Brief descriptive captions:

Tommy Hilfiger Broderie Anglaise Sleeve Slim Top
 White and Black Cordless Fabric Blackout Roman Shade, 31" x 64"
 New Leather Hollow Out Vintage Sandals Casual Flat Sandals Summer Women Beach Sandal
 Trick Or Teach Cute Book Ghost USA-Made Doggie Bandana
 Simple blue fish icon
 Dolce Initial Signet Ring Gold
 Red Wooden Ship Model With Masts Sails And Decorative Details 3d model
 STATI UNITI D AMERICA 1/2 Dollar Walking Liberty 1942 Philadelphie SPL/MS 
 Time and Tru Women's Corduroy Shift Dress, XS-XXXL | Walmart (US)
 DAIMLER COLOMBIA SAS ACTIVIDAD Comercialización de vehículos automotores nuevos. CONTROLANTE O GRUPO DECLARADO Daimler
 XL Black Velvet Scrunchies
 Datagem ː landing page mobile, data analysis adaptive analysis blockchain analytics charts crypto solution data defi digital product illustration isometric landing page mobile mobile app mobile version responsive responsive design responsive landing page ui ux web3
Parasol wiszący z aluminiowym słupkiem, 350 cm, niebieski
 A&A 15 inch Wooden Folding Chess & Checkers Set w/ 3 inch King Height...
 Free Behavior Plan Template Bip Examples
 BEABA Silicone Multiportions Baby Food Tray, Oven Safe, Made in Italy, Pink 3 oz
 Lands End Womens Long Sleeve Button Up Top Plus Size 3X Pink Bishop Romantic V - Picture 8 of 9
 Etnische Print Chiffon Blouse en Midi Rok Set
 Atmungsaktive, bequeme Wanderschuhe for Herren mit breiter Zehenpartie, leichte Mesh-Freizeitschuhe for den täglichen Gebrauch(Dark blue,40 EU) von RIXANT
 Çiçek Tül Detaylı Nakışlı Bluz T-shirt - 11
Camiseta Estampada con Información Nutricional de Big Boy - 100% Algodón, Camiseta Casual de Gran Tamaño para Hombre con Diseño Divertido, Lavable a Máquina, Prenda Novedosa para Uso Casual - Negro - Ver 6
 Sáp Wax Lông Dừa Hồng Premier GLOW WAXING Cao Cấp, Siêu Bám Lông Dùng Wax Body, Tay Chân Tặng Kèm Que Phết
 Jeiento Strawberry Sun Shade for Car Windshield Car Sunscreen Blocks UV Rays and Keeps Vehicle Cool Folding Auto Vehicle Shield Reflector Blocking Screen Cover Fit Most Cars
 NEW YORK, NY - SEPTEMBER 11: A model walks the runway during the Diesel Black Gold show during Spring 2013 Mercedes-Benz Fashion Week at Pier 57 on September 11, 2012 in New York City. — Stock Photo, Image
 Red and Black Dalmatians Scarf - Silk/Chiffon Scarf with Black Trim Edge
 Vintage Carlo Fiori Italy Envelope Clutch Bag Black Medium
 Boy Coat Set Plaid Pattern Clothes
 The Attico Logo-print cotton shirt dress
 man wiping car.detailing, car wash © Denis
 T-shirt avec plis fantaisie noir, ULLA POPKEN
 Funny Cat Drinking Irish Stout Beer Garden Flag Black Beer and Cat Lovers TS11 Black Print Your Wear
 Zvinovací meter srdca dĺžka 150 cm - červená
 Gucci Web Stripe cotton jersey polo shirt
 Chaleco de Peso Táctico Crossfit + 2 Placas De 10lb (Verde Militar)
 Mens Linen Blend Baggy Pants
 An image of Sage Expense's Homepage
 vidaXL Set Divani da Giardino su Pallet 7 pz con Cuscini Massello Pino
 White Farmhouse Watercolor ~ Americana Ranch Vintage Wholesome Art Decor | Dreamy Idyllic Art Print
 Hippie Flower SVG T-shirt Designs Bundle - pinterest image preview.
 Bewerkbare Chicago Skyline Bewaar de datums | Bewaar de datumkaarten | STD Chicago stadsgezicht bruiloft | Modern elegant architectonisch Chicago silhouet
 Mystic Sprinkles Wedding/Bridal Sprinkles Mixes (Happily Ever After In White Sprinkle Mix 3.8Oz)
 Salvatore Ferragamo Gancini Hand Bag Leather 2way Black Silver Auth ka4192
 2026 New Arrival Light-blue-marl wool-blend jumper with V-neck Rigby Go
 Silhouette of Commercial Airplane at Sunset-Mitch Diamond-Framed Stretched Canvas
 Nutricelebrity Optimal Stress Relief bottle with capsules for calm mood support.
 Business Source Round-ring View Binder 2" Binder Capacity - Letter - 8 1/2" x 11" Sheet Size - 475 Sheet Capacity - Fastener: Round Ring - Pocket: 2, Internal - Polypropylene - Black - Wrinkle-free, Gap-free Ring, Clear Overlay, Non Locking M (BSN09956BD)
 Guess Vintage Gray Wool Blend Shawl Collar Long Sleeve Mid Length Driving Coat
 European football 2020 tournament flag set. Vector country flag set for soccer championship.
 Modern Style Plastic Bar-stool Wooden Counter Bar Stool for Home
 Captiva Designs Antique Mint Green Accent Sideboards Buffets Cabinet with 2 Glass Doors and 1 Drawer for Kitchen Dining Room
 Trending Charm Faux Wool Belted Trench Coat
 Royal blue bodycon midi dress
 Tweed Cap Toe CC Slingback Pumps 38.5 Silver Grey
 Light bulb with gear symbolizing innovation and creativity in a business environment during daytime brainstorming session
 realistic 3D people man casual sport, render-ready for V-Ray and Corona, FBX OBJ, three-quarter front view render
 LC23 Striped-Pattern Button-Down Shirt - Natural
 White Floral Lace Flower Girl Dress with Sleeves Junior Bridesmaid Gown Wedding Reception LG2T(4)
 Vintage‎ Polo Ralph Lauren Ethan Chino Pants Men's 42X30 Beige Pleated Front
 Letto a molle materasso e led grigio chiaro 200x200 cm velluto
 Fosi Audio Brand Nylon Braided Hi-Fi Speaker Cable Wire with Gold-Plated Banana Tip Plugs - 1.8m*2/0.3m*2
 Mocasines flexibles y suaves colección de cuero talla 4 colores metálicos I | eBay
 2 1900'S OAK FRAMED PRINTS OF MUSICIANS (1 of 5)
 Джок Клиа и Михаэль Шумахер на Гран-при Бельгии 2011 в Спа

Problem description: Working from the data above, extract solely the lines from the one containing "Zvinovací meter srdca dĺžka 150 cm - červená" through the one containing "vidaXL Set Divani", exactly as they appear, both included.

Expected answer:
 Zvinovací meter srdca dĺžka 150 cm - červená
 Gucci Web Stripe cotton jersey polo shirt
 Chaleco de Peso Táctico Crossfit + 2 Placas De 10lb (Verde Militar)
 Mens Linen Blend Baggy Pants
 An image of Sage Expense's Homepage
 vidaXL Set Divani da Giardino su Pallet 7 pz con Cuscini Massello Pino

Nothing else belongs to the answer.